Task to carry out —
Every line below needs to be transcribed without alteration, and no image may be carried over.

Source data —
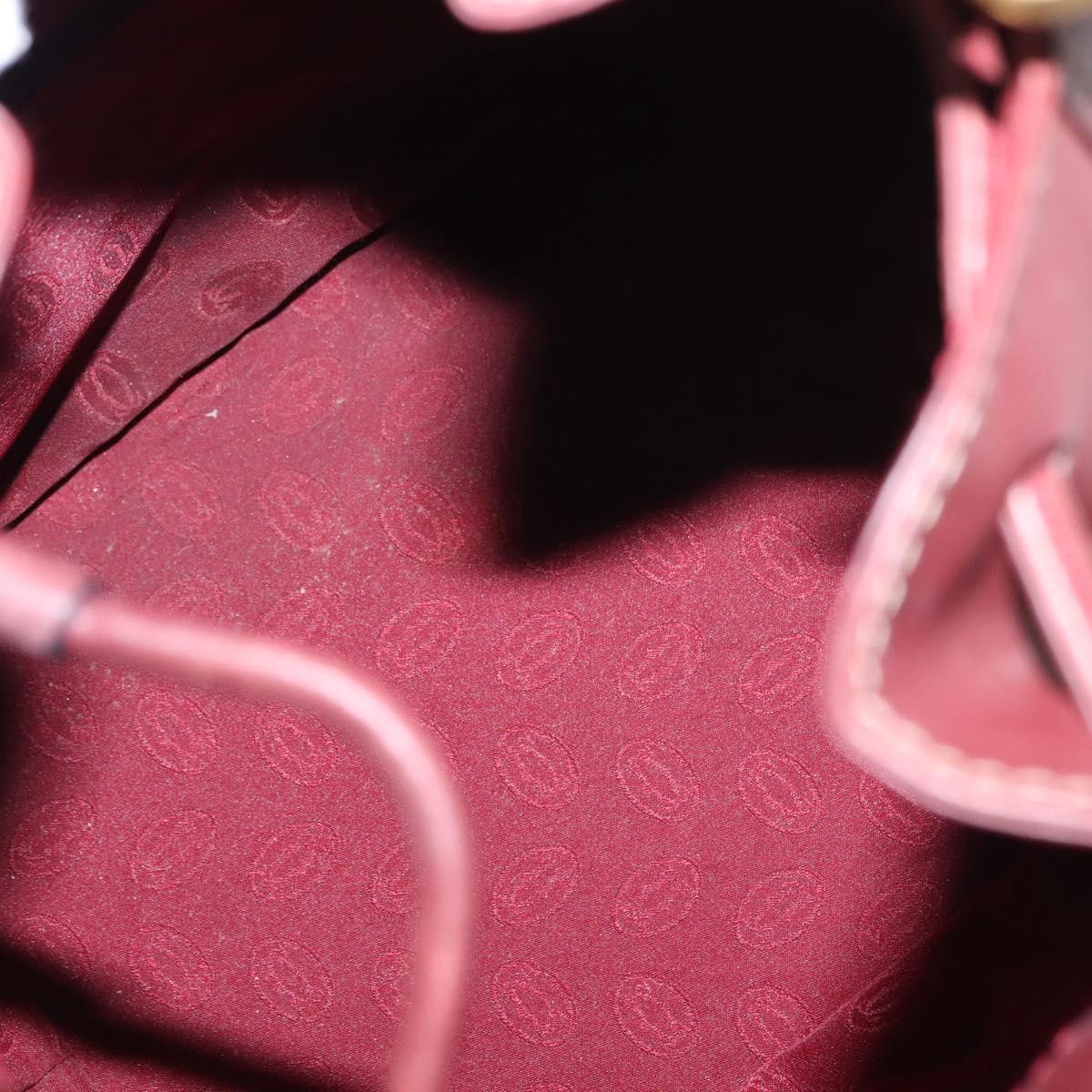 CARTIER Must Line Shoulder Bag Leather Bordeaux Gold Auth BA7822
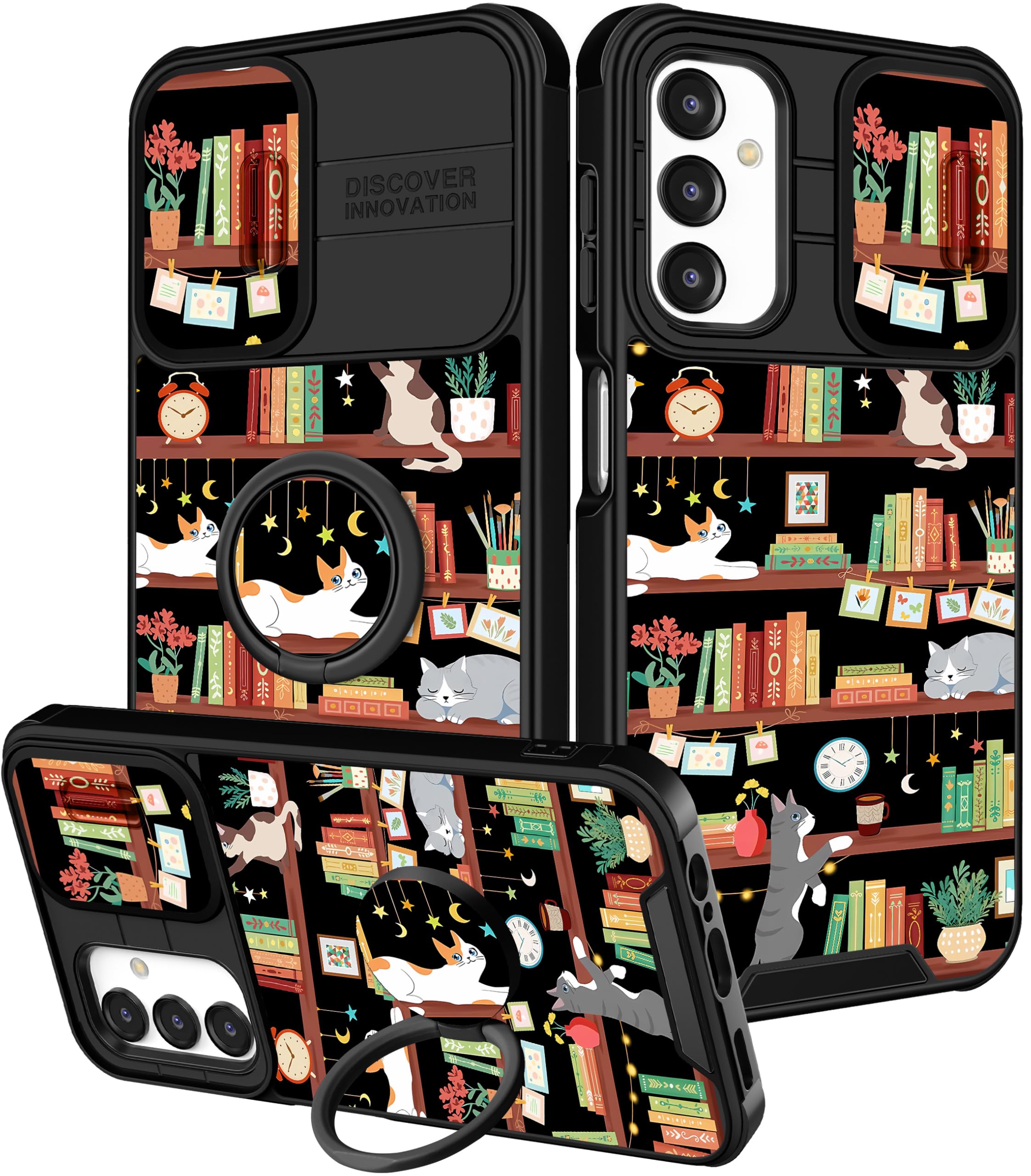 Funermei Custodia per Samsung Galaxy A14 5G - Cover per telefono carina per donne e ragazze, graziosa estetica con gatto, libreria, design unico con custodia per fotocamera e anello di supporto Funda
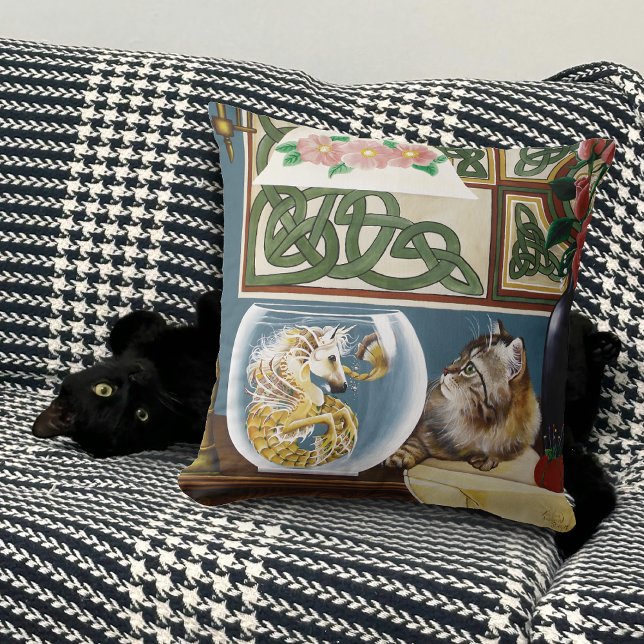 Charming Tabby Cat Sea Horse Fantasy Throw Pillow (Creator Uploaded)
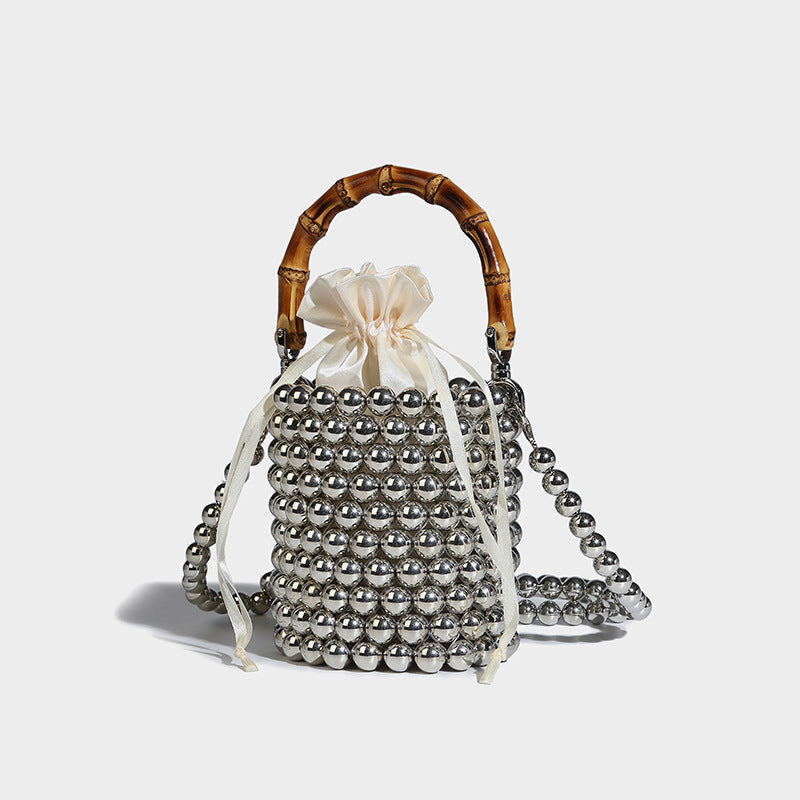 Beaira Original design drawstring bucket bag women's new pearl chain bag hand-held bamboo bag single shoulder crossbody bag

Result for this exercise —
 CARTIER Must Line Shoulder Bag Leather Bordeaux Gold Auth BA7822
 Funermei Custodia per Samsung Galaxy A14 5G - Cover per telefono carina per donne e ragazze, graziosa estetica con gatto, libreria, design unico con custodia per fotocamera e anello di supporto Funda
 Charming Tabby Cat Sea Horse Fantasy Throw Pillow (Creator Uploaded)
 Beaira Original design drawstring bucket bag women's new pearl chain bag hand-held bamboo bag single shoulder crossbody bag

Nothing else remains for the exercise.